#### TASK ITEM
Using the data below, set down every line from the one containing "Mgły Toskanii" through the one containing "<p>Legt alles still", inclusive and unchanged. Pictures are to be skipped.

#### INPUT RECORDS

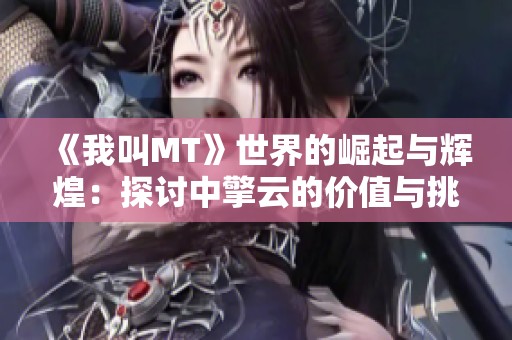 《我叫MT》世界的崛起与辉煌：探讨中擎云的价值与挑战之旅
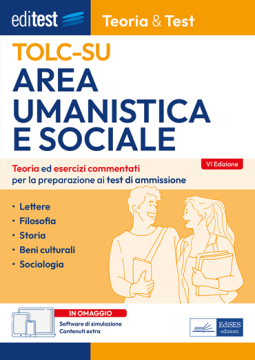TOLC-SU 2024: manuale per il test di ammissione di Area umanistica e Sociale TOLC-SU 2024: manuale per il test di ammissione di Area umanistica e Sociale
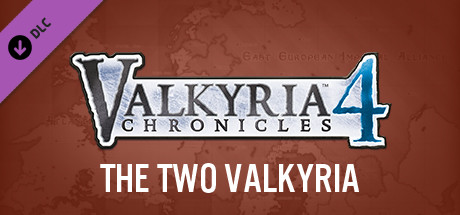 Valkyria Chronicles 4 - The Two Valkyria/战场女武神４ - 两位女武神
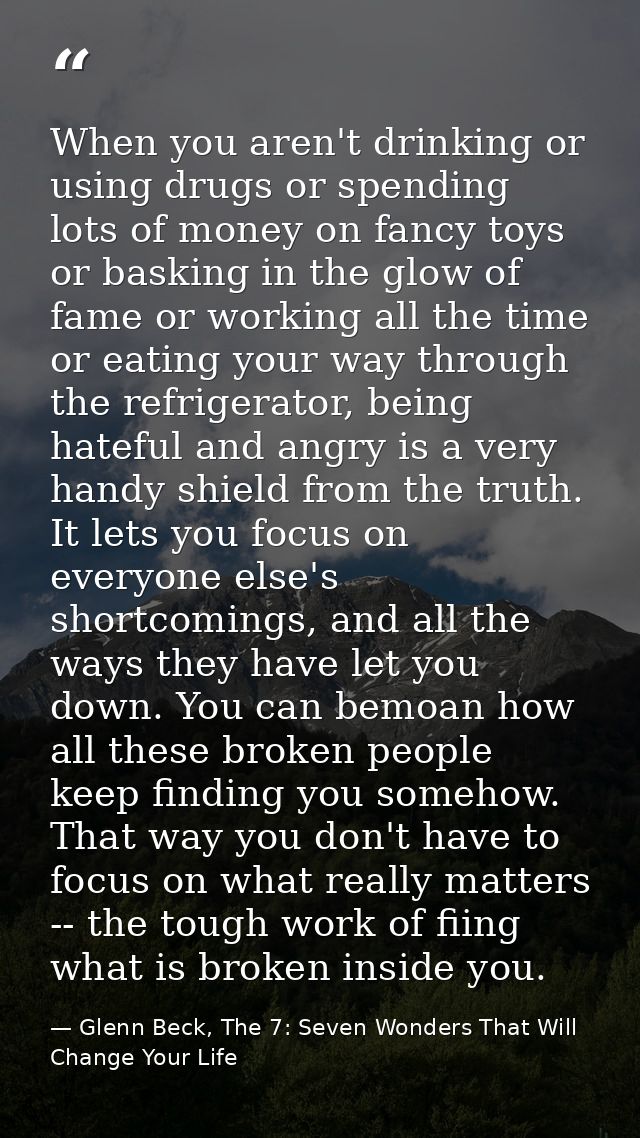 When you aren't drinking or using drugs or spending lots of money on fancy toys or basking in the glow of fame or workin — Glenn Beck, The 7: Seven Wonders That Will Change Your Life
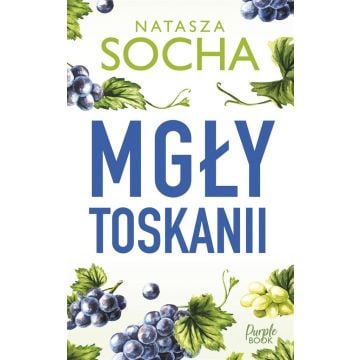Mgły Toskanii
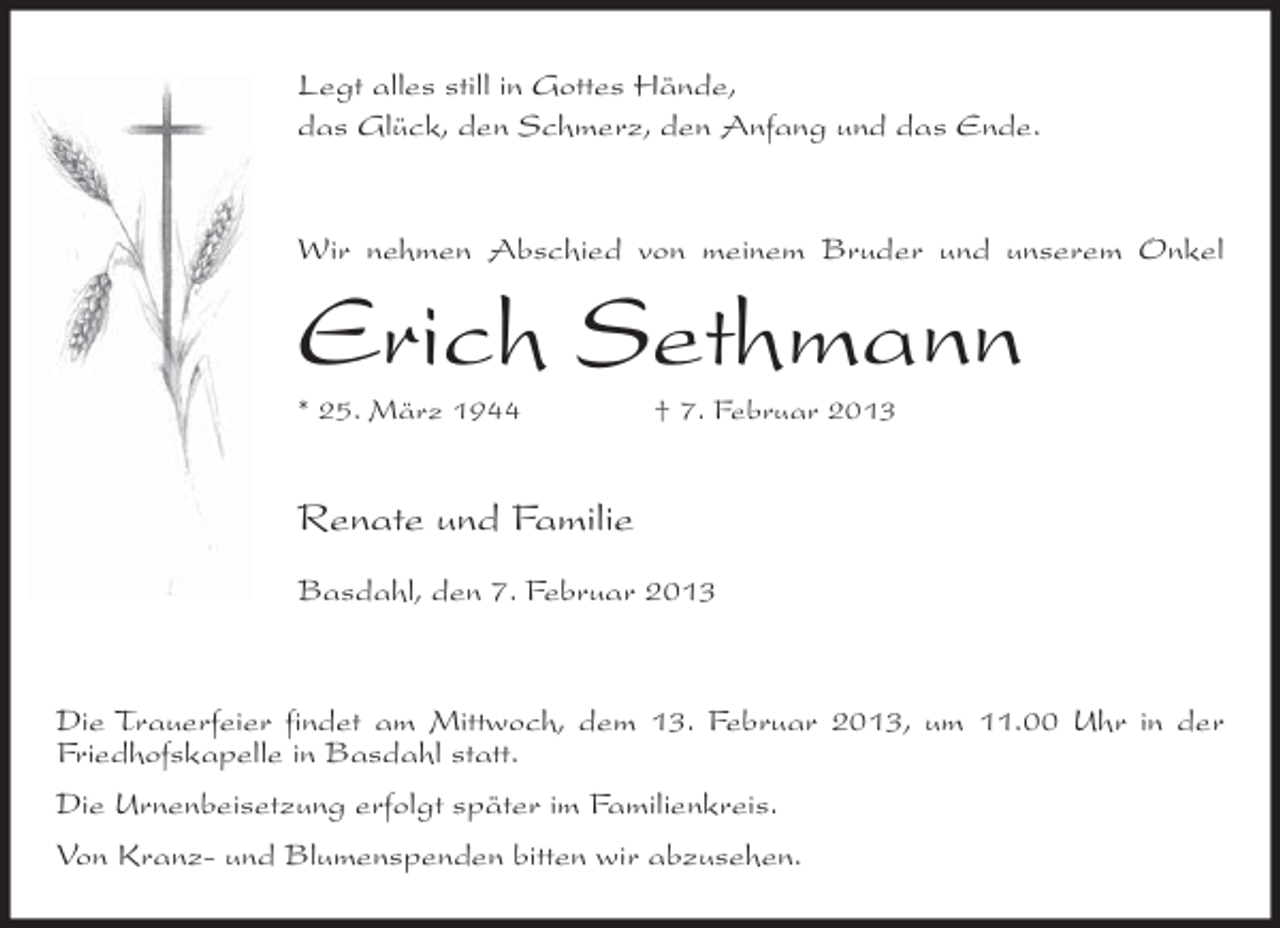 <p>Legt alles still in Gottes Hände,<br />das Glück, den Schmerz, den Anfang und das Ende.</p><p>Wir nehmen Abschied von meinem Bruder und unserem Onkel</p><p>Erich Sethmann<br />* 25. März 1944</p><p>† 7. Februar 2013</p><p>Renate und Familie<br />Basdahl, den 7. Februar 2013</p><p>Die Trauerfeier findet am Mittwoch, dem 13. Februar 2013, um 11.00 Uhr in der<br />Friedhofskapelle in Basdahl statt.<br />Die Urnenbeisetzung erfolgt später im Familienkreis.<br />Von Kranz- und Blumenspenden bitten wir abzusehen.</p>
* * *
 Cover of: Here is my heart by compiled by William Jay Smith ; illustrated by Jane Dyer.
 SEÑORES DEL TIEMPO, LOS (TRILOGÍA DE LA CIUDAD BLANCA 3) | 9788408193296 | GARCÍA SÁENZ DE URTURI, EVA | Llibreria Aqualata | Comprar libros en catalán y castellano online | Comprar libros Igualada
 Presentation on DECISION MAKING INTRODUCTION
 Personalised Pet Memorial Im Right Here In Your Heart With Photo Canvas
--
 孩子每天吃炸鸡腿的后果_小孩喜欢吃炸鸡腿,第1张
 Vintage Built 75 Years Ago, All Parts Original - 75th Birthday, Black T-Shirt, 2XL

#### REPLY
Mgły Toskanii
 <p>Legt alles still in Gottes Hände,<br />das Glück, den Schmerz, den Anfang und das Ende.</p><p>Wir nehmen Abschied von meinem Bruder und unserem Onkel</p><p>Erich Sethmann<br />* 25. März 1944</p><p>† 7. Februar 2013</p><p>Renate und Familie<br />Basdahl, den 7. Februar 2013</p><p>Die Trauerfeier findet am Mittwoch, dem 13. Februar 2013, um 11.00 Uhr in der<br />Friedhofskapelle in Basdahl statt.<br />Die Urnenbeisetzung erfolgt später im Familienkreis.<br />Von Kranz- und Blumenspenden bitten wir abzusehen.</p>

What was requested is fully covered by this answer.